_RECORDED DATA_:
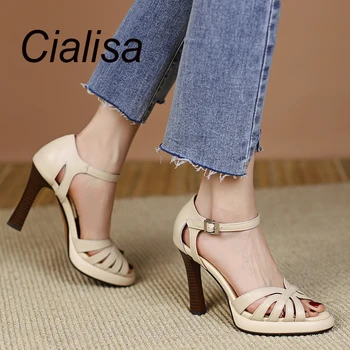 Сандалии Cialisa, женская обувь, Модная летняя новинка, ремешок на щиколотке из натуральной кожи, Элегантные сандалии ручной работы на очень высоком каблуке коричневого цвета 40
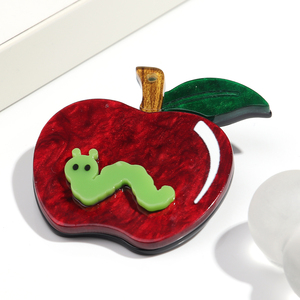 Personnalisé Meilleure Vente Mode Broche Mignon Bug Pomme Acrylique Broche Vintage Mode Broche pour Femmes - Product Image 2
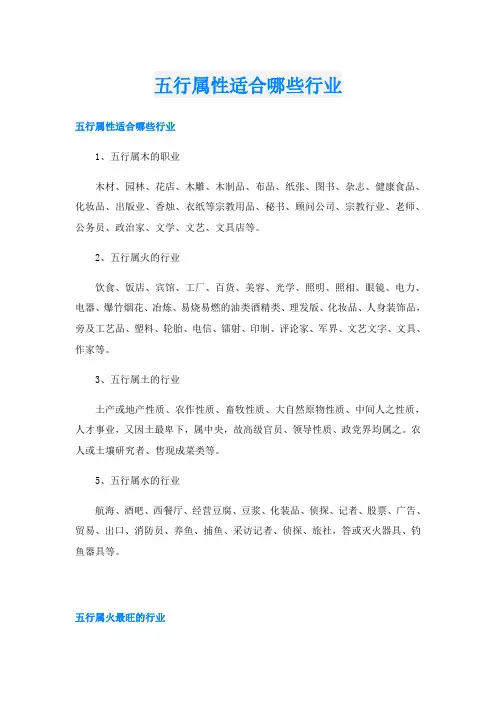 五行属性适合哪些行业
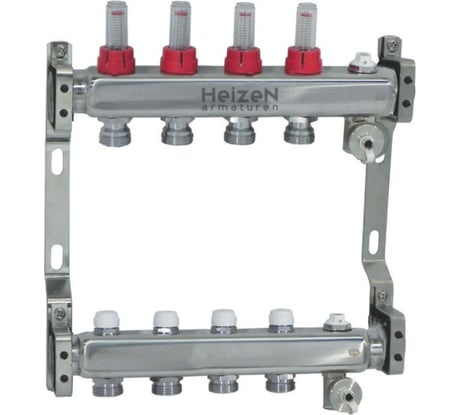 Коллекторная группа 1 Heizen нержавеющая сталь, 4 выхода на 3/4, IVR 802 180222504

_YOUR TASK_: Without copying any picture, repeat the full listing above word for word.

_TASK RESPONSE_:
 Сандалии Cialisa, женская обувь, Модная летняя новинка, ремешок на щиколотке из натуральной кожи, Элегантные сандалии ручной работы на очень высоком каблуке коричневого цвета 40
 Personnalisé Meilleure Vente Mode Broche Mignon Bug Pomme Acrylique Broche Vintage Mode Broche pour Femmes - Product Image 2
 五行属性适合哪些行业
 Коллекторная группа 1 Heizen нержавеющая сталь, 4 выхода на 3/4, IVR 802 180222504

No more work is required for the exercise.